Machine Learning Best Practices in Healthcare and Life Sciences - Machine Learning Best Practices in Healthcare and Life Sciences

Machine Learning Best Practices in Healthcare and Life Sciences

Publication date: November 22, 2021 (Document history)

This whitepaper describes how AWS approaches machine learning (ML) in a regulated environment and provides guidance on good ML practices using AWS products.

This whitepaper takes into consideration the principles described in the Proposed Regulatory Framework for Modifications to Artificial Intelligence/Machine Learning (AI/ML)-Based Software as a Medical Device (SaMD) discussion paper.

This content has been developed based on experience with and feedback from AWS pharmaceutical and medical device customers, as well as software partners, who are currently using AWS products to develop ML models.

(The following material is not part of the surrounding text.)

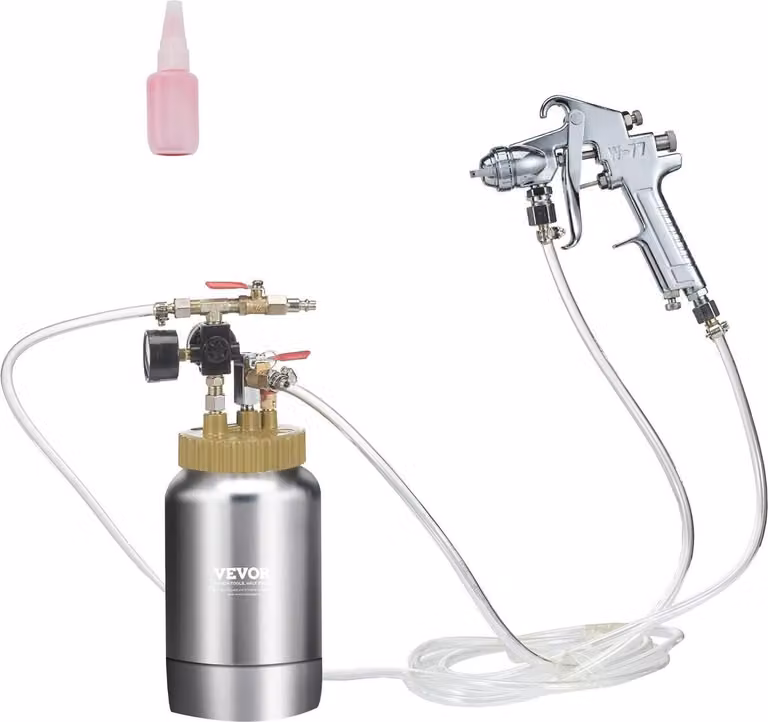 Serbatoio a pressione per vernici spray, 2 litri/0,5 galloni Serbatoio a pressione leggero per vernici ad aria, pistola a spruzzo con ugello da 1,8 mm Tubi da 3 m per decorazioni domestiche, architettura, edilizia e verniciatura automobilistica, 45 PSI ma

The pharmaceutical industry, which is sometimes slow to adopt the latest technologies, is witnessing a massive change. The industry is looking to technologies such as artificial intelligence/machine learning (AI/ML), Internet of Things (IoT), blockchain, and other Industry 4.0 technologies. With this adoption of new technology comes regulatory challenges.

Machine Learning in particular has garnered some focus recently with the publishing of a discussion paper by the FDA. It explores the use of AI/ML in the context of medical devices but many of the same topics arise when bringing up ML adoption with executive leadership in any company: How do you trust ML models to not make important business decisions based on erroneous or unstable values? How do you know you have good hygiene in managing your ML environments? Are you prepared for (or capable of) a retrospective analysis if anything goes wrong?

One particularly strong example is seen in pharmaceutical companies, who must abide by mandatory reporting standards for any patient-relevant “Adverse Events” that are viewed by any employee or ingested by the company. This means that creating a new Twitter account for a particular market, or releasing a digital therapeutic app for patient health, can result in a surge of new natural language data that needs to be reviewed, adjudicated, and in some cases reported to the FDA.

This flood of data can completely overwhelm manual review teams and risk delays in reporting to the FDA within the mandated time limits, resulting in the potential for formal warnings or even legal action. ML has the potential to address the immediate needs of scale in these scenarios, and triage obvious problem cases from innocuous cases.

However, before deploying these models, you may need to evaluate a few requirements relevant to your stakeholders or regulators, such as model reproducibility, model explainability, decision support tooling, and how this all ties into templatized ML workflows.